**Activity**
Leaving out each picture, transcribe the lines of the listing below exactly from the first through the line that contains "Click redeem and".

**Recorded information**
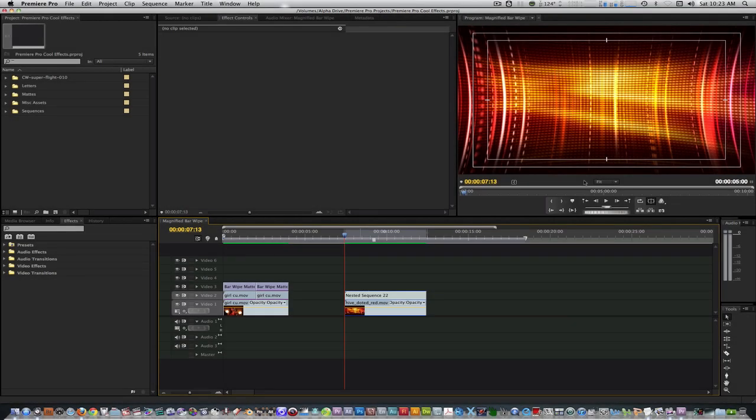Hello everyone, this is Wes James here and today I'm bringing to you another Premiere Pro cool effect. In today's tutorial I'll show you how to do an effect that is used a lot but take it up to another level.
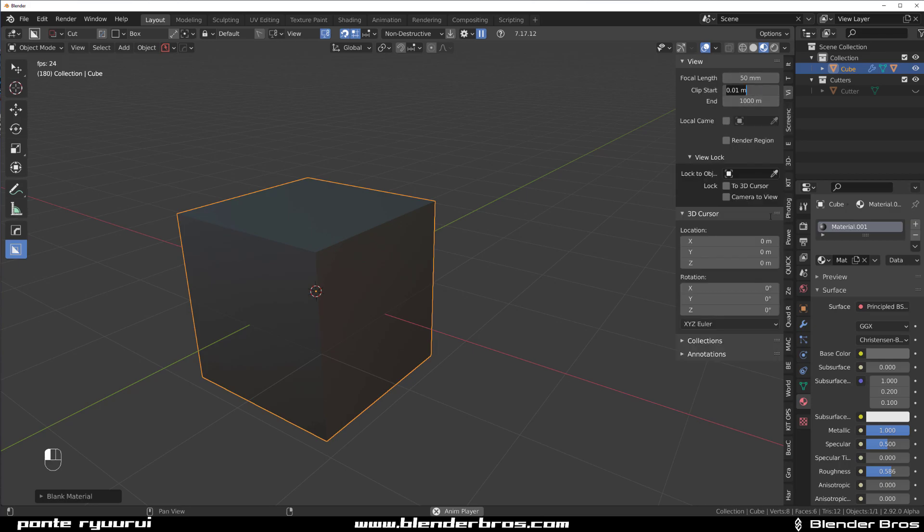Now probably when you open Blender it starts somewhere at 0.1, and this is the basic one.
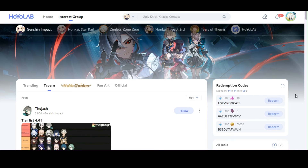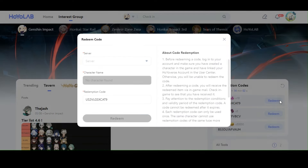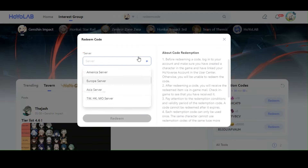Click redeem and select the server. You will be able to redeem the code after each special program. Thanks for watching and I hope you find it useful.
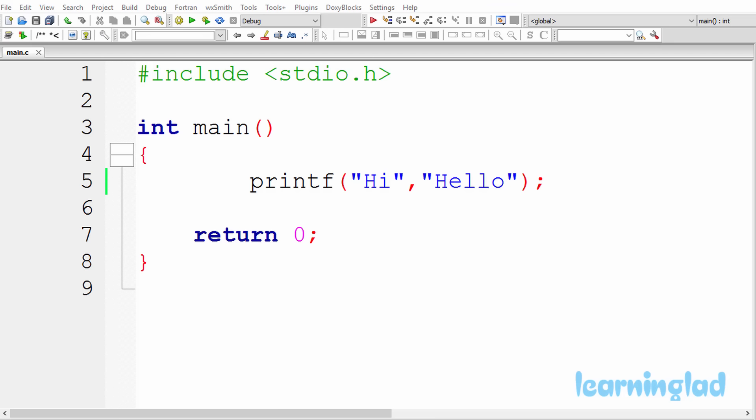Hi, this is Anil from LearningLad Education and welcome back to the what's the output video series on C programming language. Now just like the previous tutorials, I have a very simple program here. You guys can pause this movie and take a look at the code.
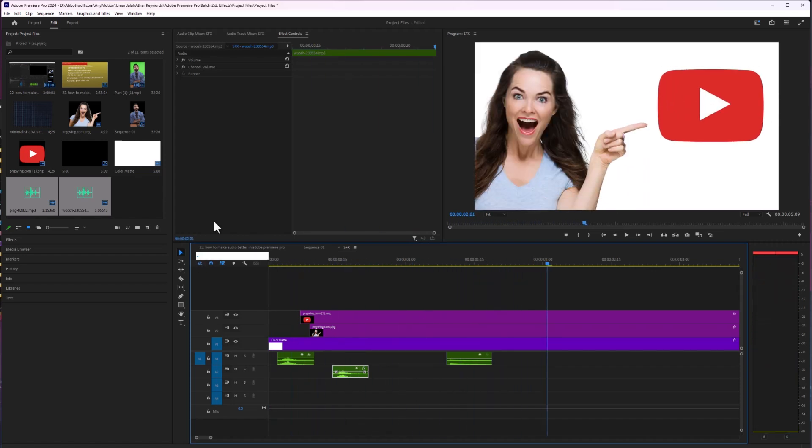So as you can see, we have created an awesome video from a boring video. Thank you.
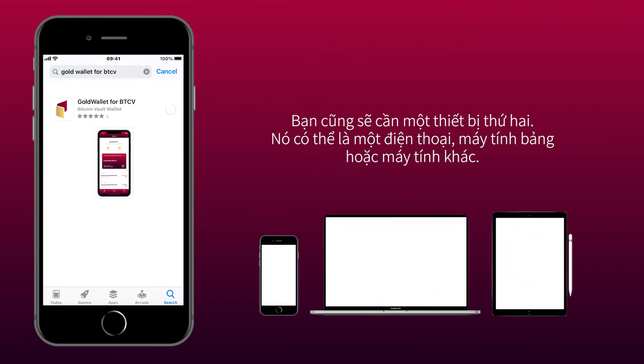You will also need a second device. It can be another phone, tablet, or a computer.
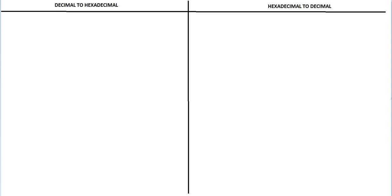Hi friends, today I am going to explain how to convert decimal number to hexadecimal and hexadecimal to decimal.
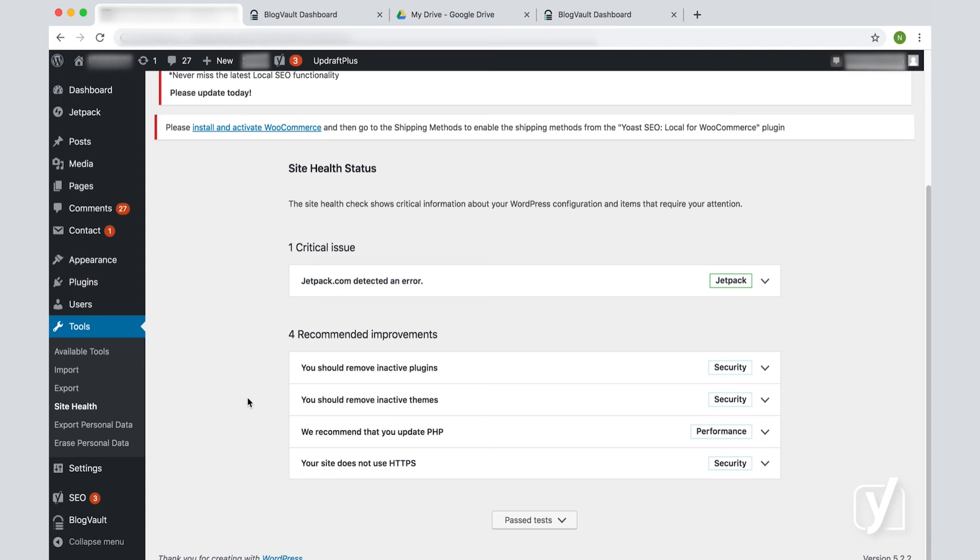So that is it. In this screencast, we saw how to backup your site with two different plugins and how to update WordPress plugins and themes. Hopefully you noticed that it was not very hard, so we do encourage you to regularly update and backup your site and keep it safe.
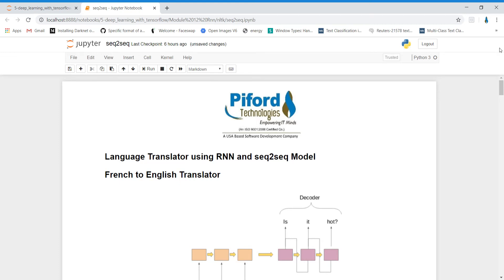Hi everyone, this is Arohi from Py5 Technologies, IT Park, Mohali. Today we will study about language translation. We will make a language translator using RNN and sequence-to-sequence model.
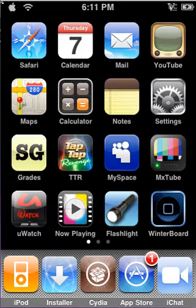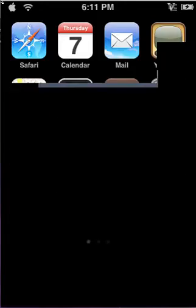You're going to need a Jailbroken iPod Touch with Cydia. Open up Cydia. This may take a while, so please be patient.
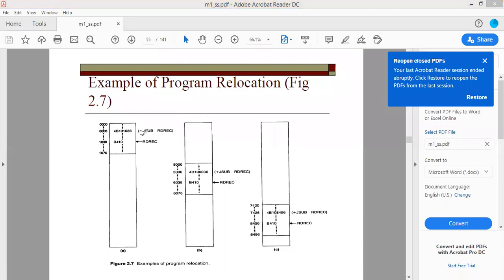In SIC/XE there are format 4 instructions. Let's assume we have a program with starting address 1000 — this is an absolute address not yet in main memory. There is an instruction +J SUBRDR. In format 4 we allocate 20 bits, which is 5 hex digits, so the direct address of RDRC is 01036. Now suppose this program is loaded onto main memory but there is no free space at location 0000, so it must be moved to location 5000 — this is program relocation.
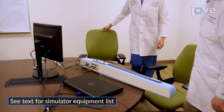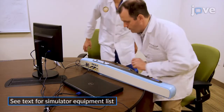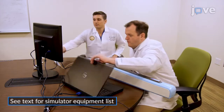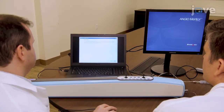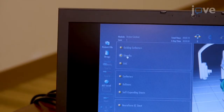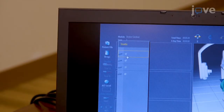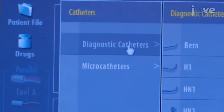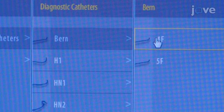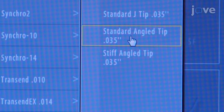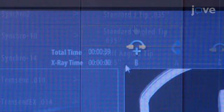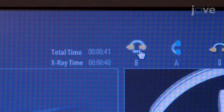Before beginning a procedure, assemble and power on the simulator. Select the patient scenario in the software interface on the attached laptop and select the appropriate arterial sheath size from the drop-down menu. Select the appropriate catheter, guide wire, and/or microsystem based on the specific scenario, and turn on the A and B plane.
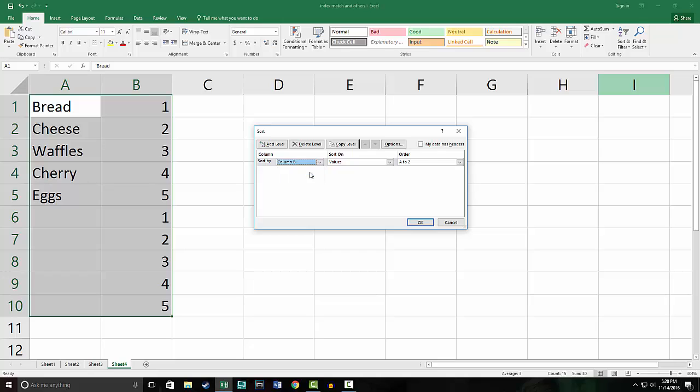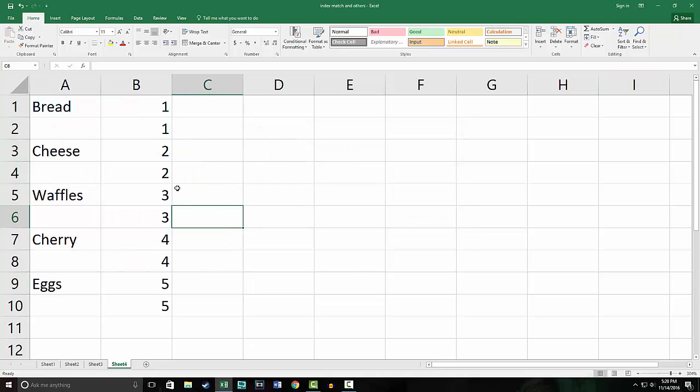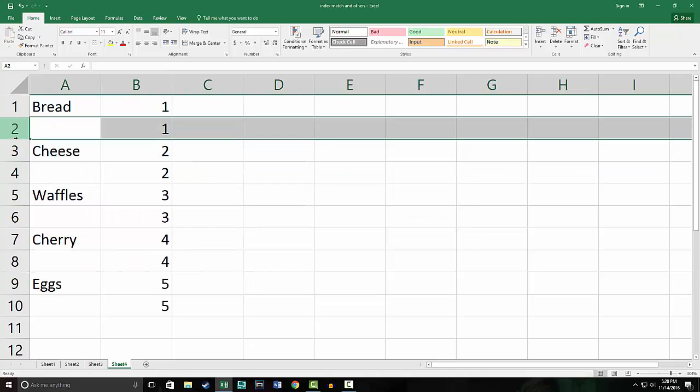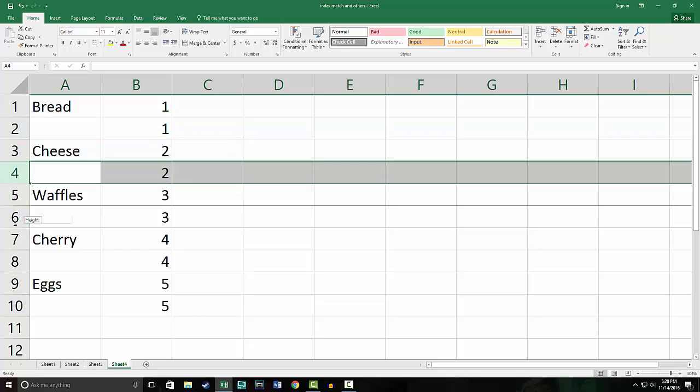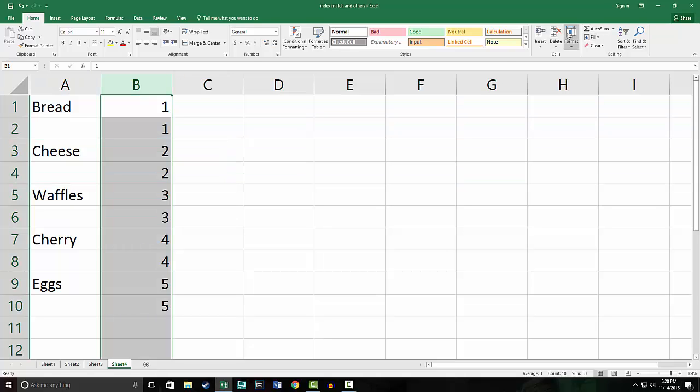We'll sort by column B, smallest to largest, and as you can see this adds a space between each one of these. Then since we don't need this column, we can just delete it.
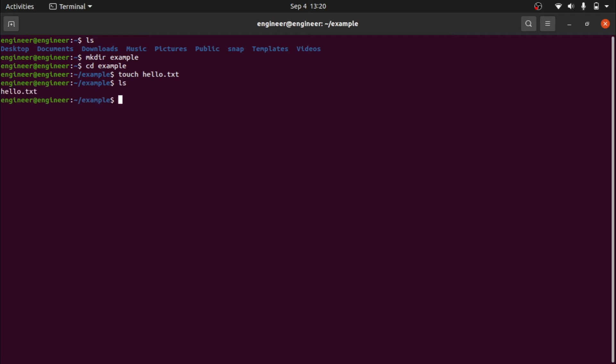Now you can see I have a hello.txt inside example folder. Now I want to add this example folder to a git.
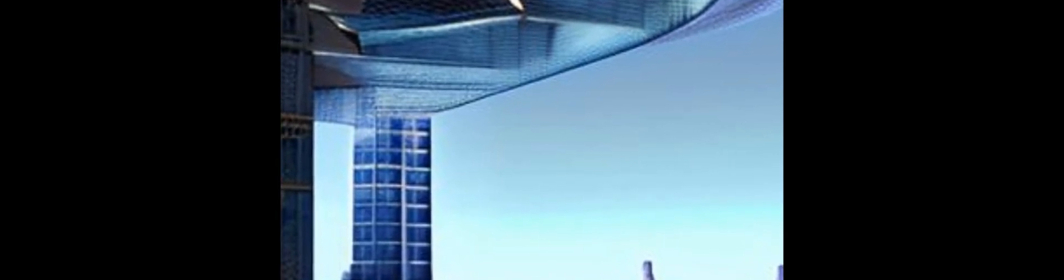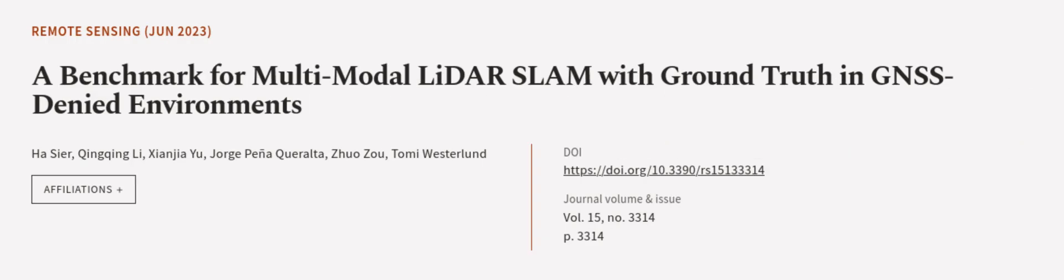Finally, they performed an analysis of the positioning accuracy achieved. This article was authored by Ha Seer, Qingqing Li, Xianjia Yu, and others.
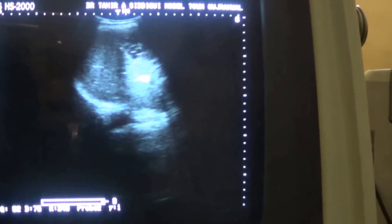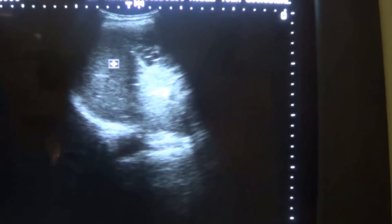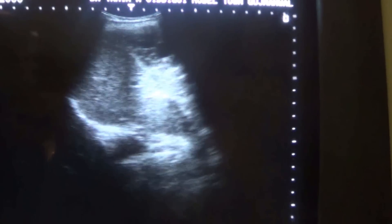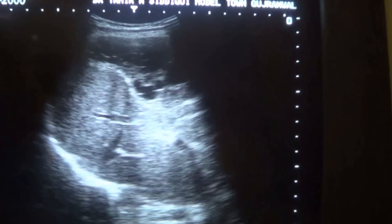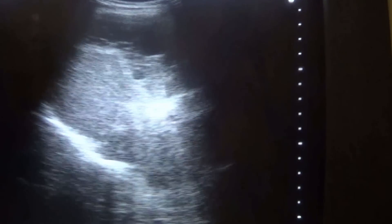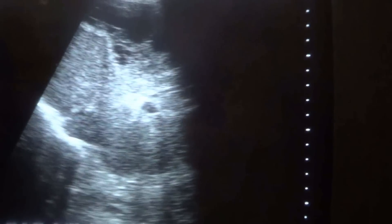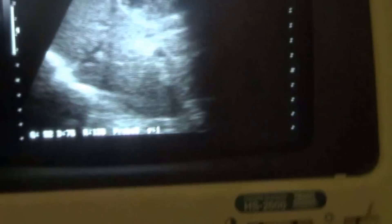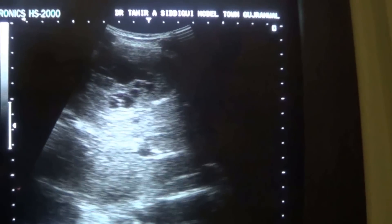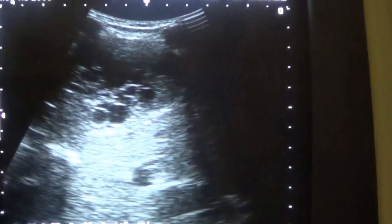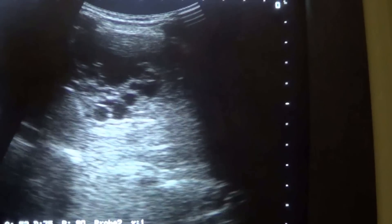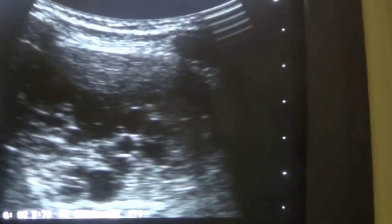Now, this is the right diaphragm and this is the liver — normal. In the liver, in the anterior segment, you see a cystic area, a multi-cystic area rather, well demarcated. This is the pathology.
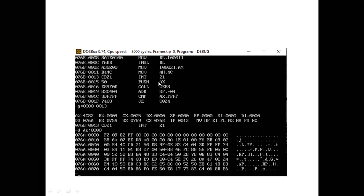After writing the program, save it with a .asm extension. Assemble using MASM: type 'masm filename.asm;'. Then link with 'link filename.obj;'. Execute with debug using 'debug filename.exe'. Use 'u' to unassemble, then run with 'g = 0000 0013', where 0013 is the end address of the INT 21h instruction, given as code segment colon offset.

**Response box**
Hello everyone, this is Wes James here and today I'm bringing to you another Premiere Pro cool effect. In today's tutorial I'll show you how to do an effect that is used a lot but take it up to another level.
Now probably when you open Blender it starts somewhere at 0.1, and this is the basic one.
Click redeem and select the server. You will be able to redeem the code after each special program. Thanks for watching and I hope you find it useful.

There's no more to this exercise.